Shadows of White Sand
Synthesizer shales give way to deeply atmospheric, underdefined ill-bience, indirectly evocative of Attrition’s best LP and the less spacey Zoviet France. Subterranean, larval echoes emerge slowly in waveforms determined at source by no more than three chords. Woozy matte is spilling out gently. There is no sense of ominous imminence here, but rather an aura of mystery and irrealization. What could be dismissed as a case of mere illustrative electronics, bestows on the willing listener just enough freedom to fill this aural framework with liberating numinosum.
In Kabul
This repetitive rhythm-box and guitar motif, so stiffly grounded within the aesthetic of the early 1980s, is worthy of an early Cabaret Voltaire or Clock DVA record. But instead of saxophones, the simple set of guitar figures is coupled here with oud-sounding string tunings and addictive vocal echoes (Pilar Pinillos and Elena Colvée). The tempo is leisurely, despite the notional fill-ins programmed in the rhythm machine.
Extasie
The sequencer flies into the limelight with an amplitude of a machine-gun. There is a competition between the several synthesizer sources. On the one hand, we distinguish classicizing arpeggios, on the other, repetitive chord renewals, chiming in with the rotor-aping sequencer. The overall climate is closer to Richard Pinhas’ work than to his German contemporaries.
Decadence
Simple repetitive electro-glorping, suffused with bleeps and destabilized by processed male vocal. Indeterminate organ clusters, metronomic machine drumming and guitar hooks determined by the simplistic structure of electro-beat recall the simplicity of the long-forgotten artists of the era – Eric Random and Bill Nelson.

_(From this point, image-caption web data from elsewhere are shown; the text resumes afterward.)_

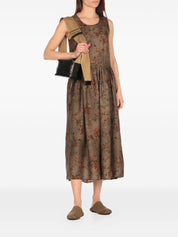 Uma Wang Black Shoulder Bag — New Small Leather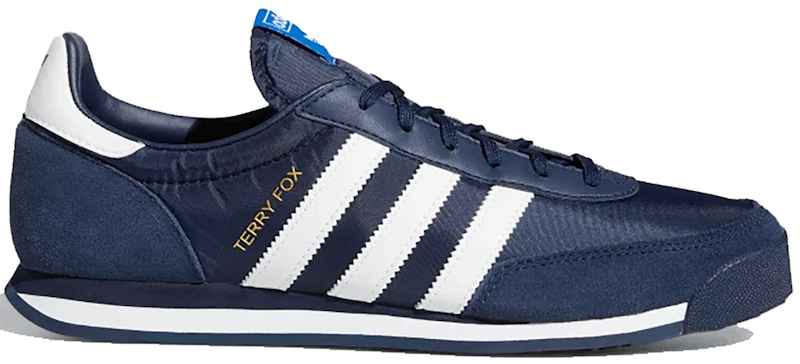 adidas Orion Terry Fox 40th Anniversary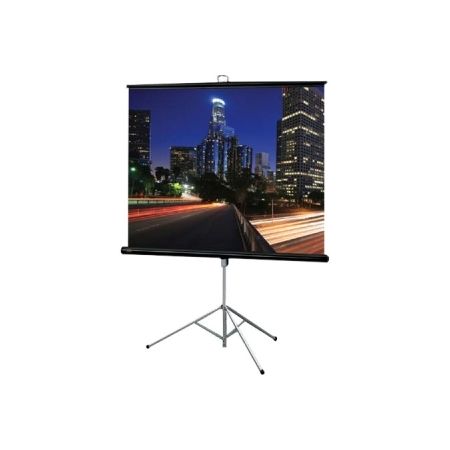 Draper Consul Tripod Projection Screen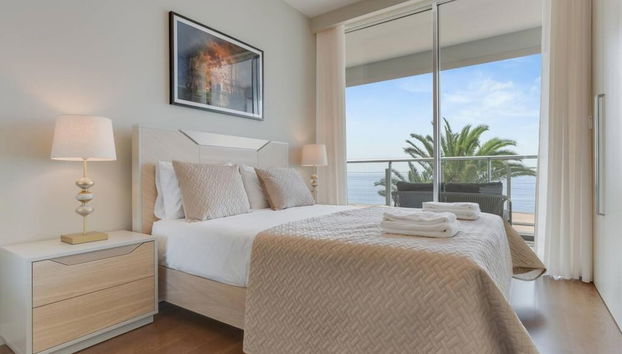 Madeira Palace Ocean Sounds - Foto 2, Habitación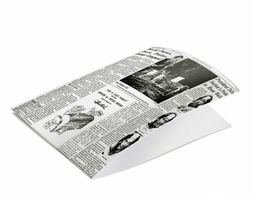 [18211] Pochetta Snack papier 175x180mm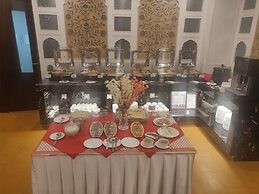 Laxmi Palace Heritage Boutique Hotel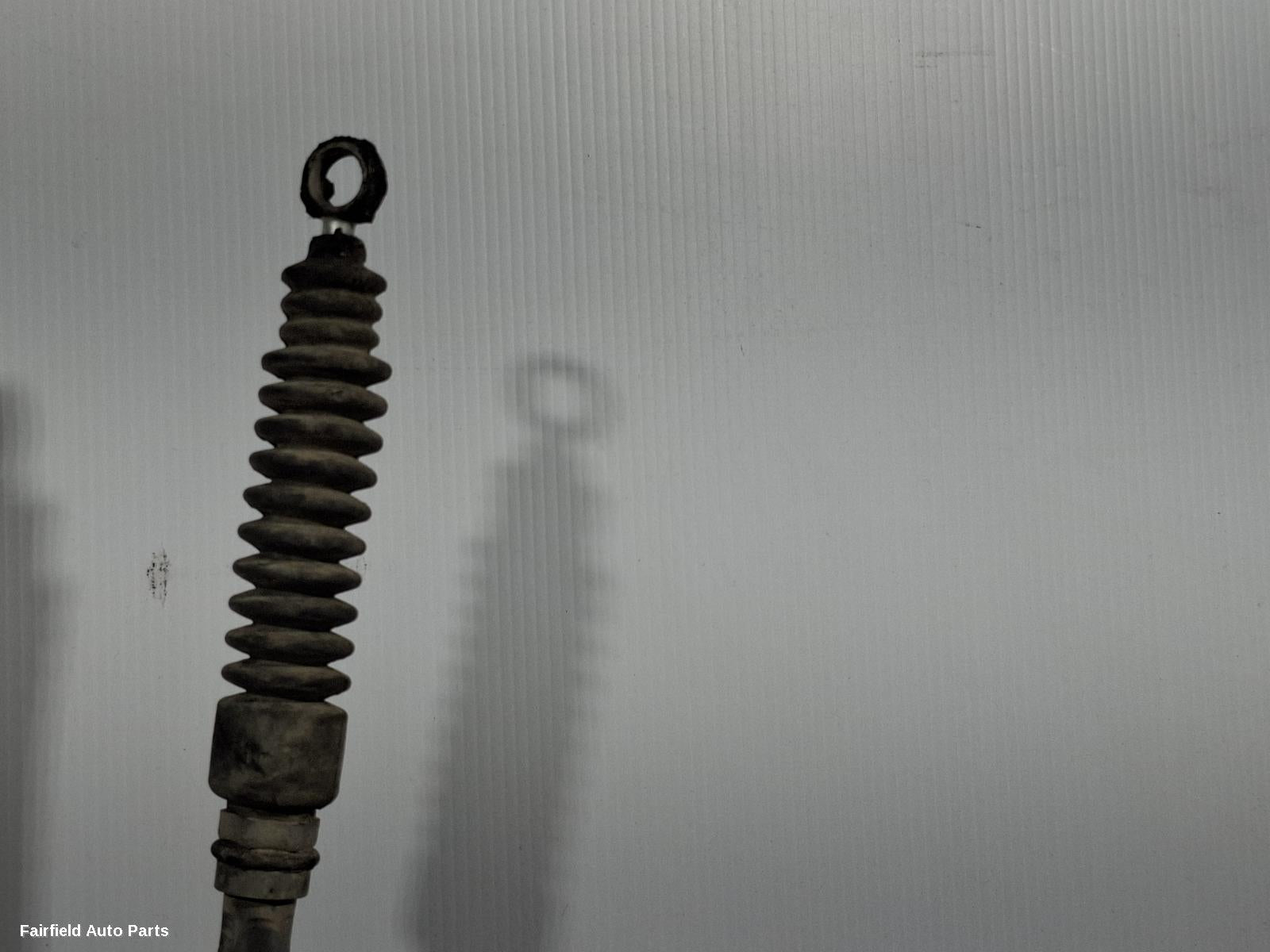 2011-2017 Subaru Impreza Gear Stick Shifter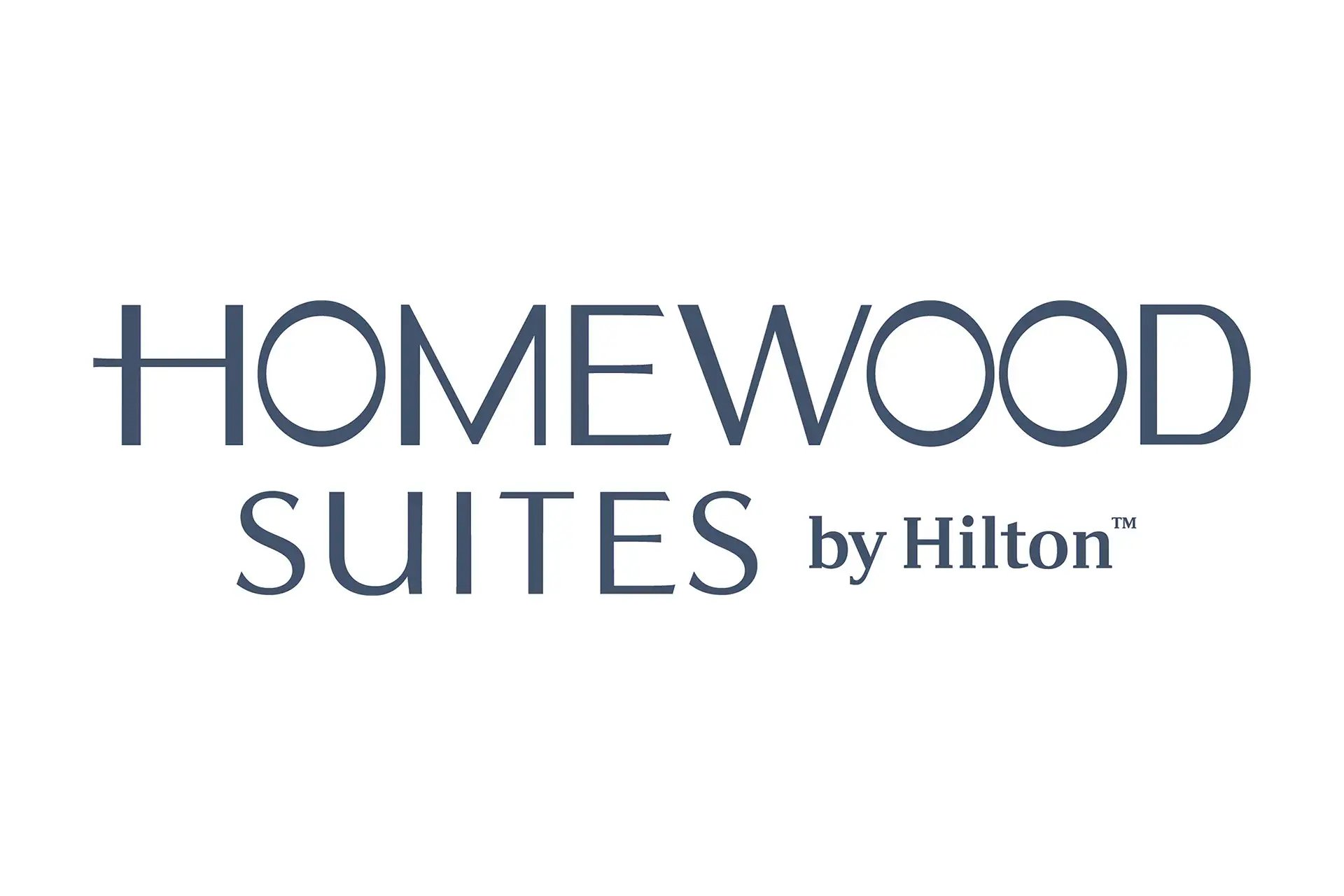 Homewood Suites by Hilton logo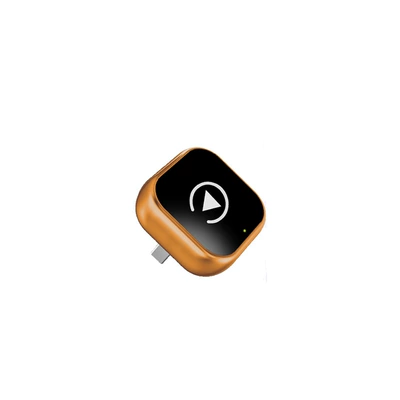 Simsiz CarPlay və Android Auto – Carplay Box Wired to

Red October Black September
The most memorable moment on the record is the track built around a pulsing, yet melodic bass skeleton. Throughout this passacaglia après la lettre, illusory verbalizations adopt an almost ingressive mantle due to ingeniously mixed synthesized hyperplanes. The voices are slotted in with dynamic jumps, and alarmingly so. They recede at various stages of decomposure – fading, wilting or transmogrifying into metallic reverberation. A patchy cobweb of guitars and synthesizers embroiders a denitrified tapestry, underscoring the critical role of the electric bass ostinato. The effect is intoxicating. It all ends too soon.
***
For those willing to explore the dark corners of analog atmospherics, any of the first three recordings are recommended. There were also many cassette issues.
KONSTRUKTIVISTS: “A Dissembly” (1982)
KONSTRUKTIVISTS: “Psycho-Genetika” (1983)
KONSTRUKTIVISTS: “Black December” (1983)
KONSTRUKTIVISTS: “Glennascaul” (1985)
Many unique pieces can also be found on compilations, e.g. “The Elephant Table Album” and “Four Years in 30 Seconds”. We owe the latter to the fact that Wallis resuscitated Konstruktivists in the 1990s.